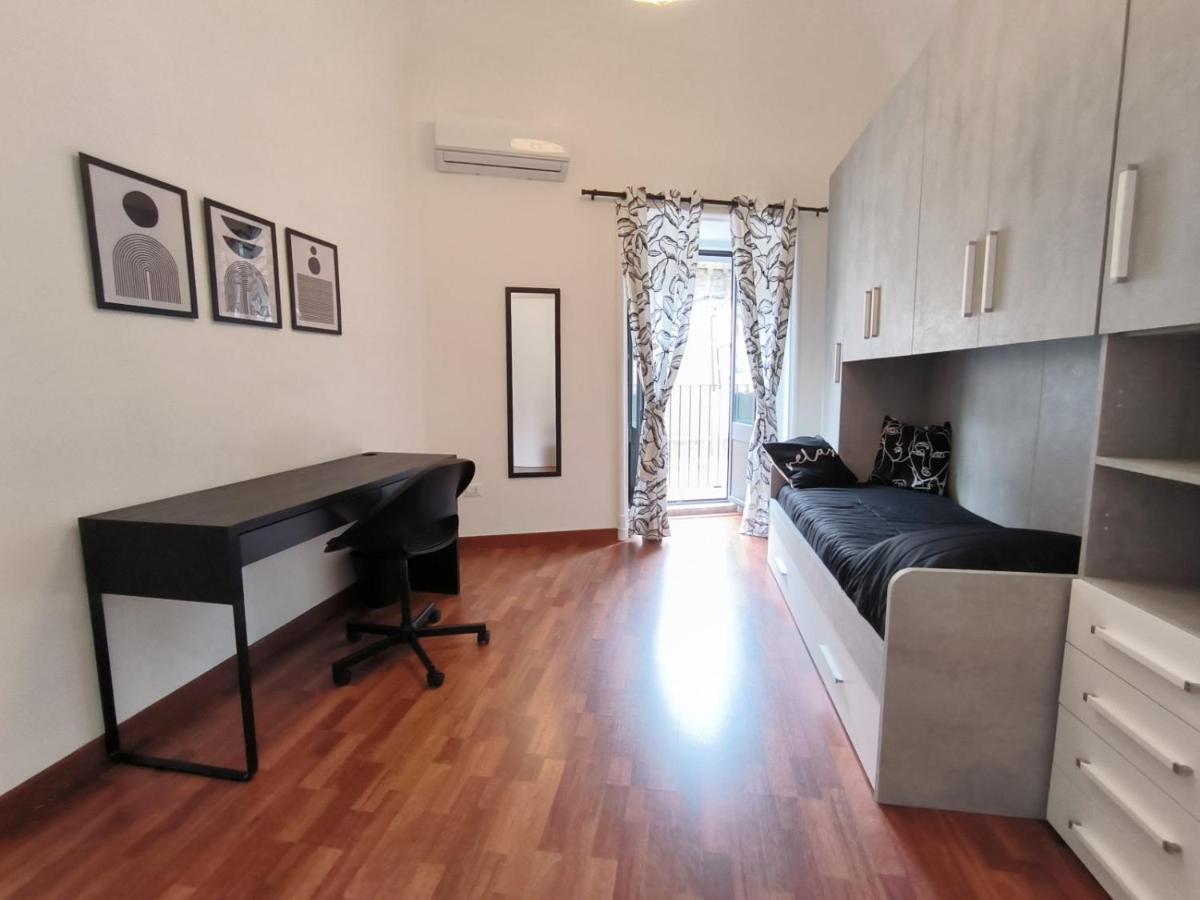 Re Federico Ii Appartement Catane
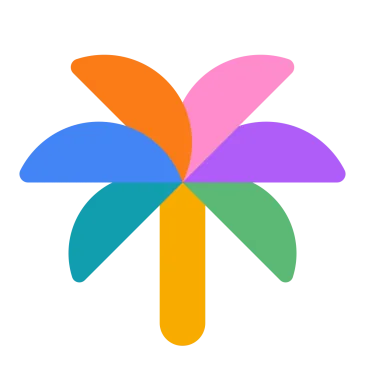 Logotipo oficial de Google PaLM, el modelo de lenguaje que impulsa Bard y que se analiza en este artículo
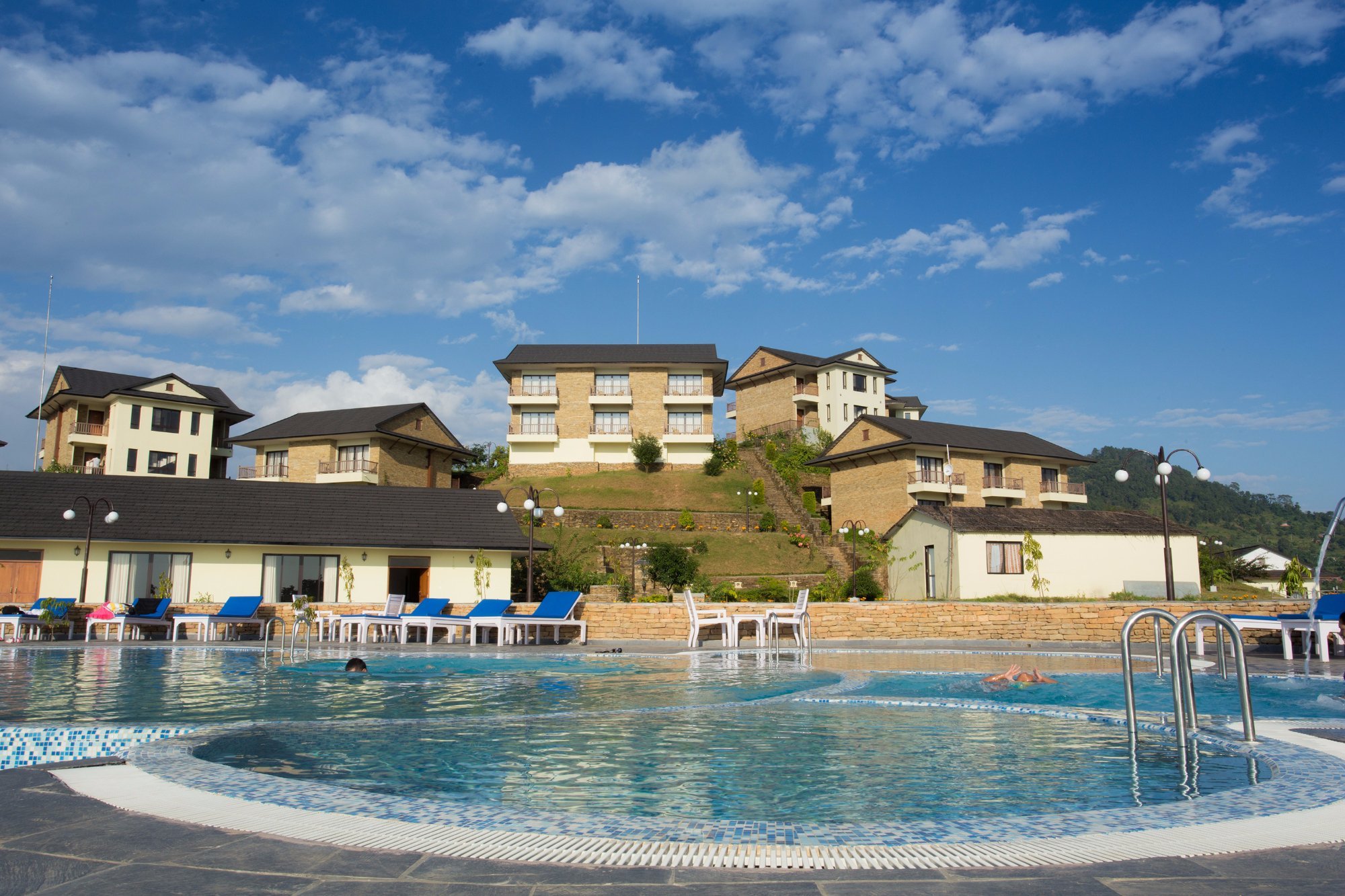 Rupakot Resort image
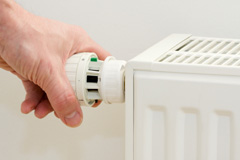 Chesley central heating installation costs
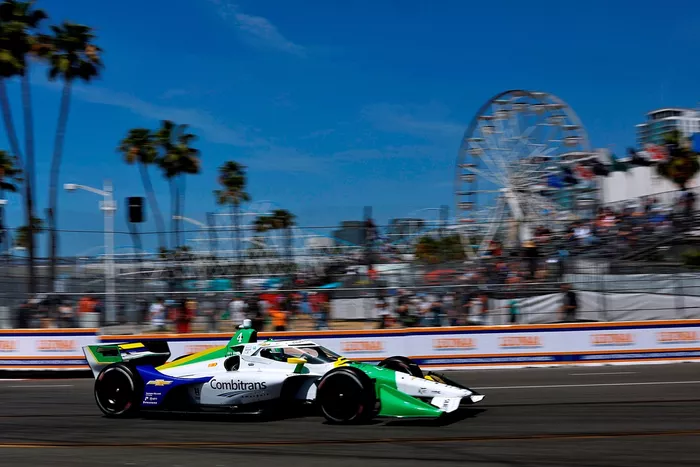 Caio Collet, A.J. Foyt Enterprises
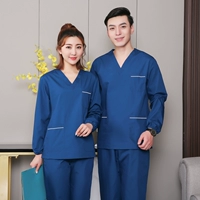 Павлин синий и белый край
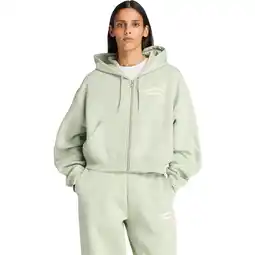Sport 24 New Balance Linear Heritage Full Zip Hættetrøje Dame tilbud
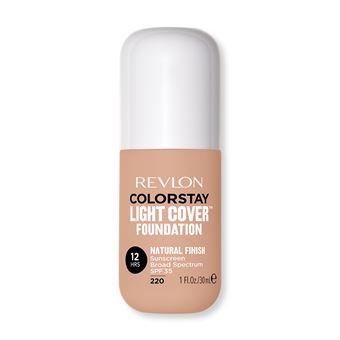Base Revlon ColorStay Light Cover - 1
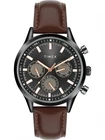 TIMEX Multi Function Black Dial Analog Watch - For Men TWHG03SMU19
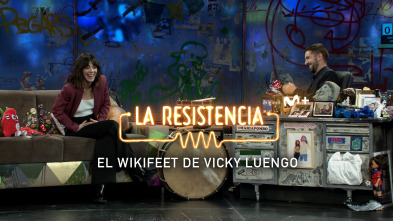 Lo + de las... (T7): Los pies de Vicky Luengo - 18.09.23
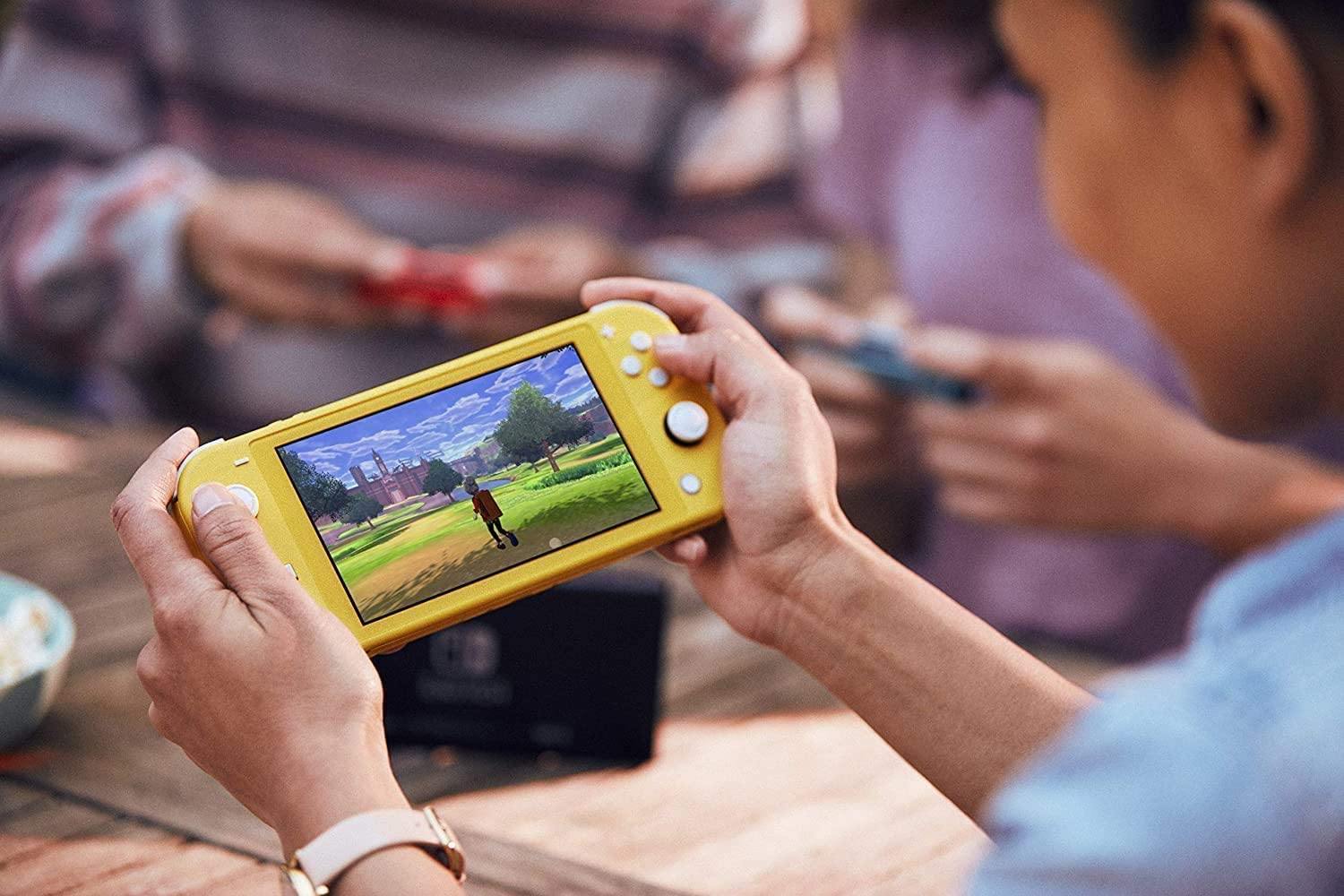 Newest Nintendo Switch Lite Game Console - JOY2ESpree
...
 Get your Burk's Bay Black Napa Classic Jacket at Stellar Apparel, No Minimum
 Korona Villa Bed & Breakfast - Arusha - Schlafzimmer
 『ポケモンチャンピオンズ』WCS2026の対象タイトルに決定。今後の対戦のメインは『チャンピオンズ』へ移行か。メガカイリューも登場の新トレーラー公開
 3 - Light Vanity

• **Your assignment**: Exact repeat of the material above: every line from the one with "TIMEX Multi Function" through the one with "Newest Nintendo Switch", endpoints included, and nothing more. No pictures.

• **Your solution**:
 TIMEX Multi Function Black Dial Analog Watch - For Men TWHG03SMU19
 Lo + de las... (T7): Los pies de Vicky Luengo - 18.09.23
 Newest Nintendo Switch Lite Game Console - JOY2ESpree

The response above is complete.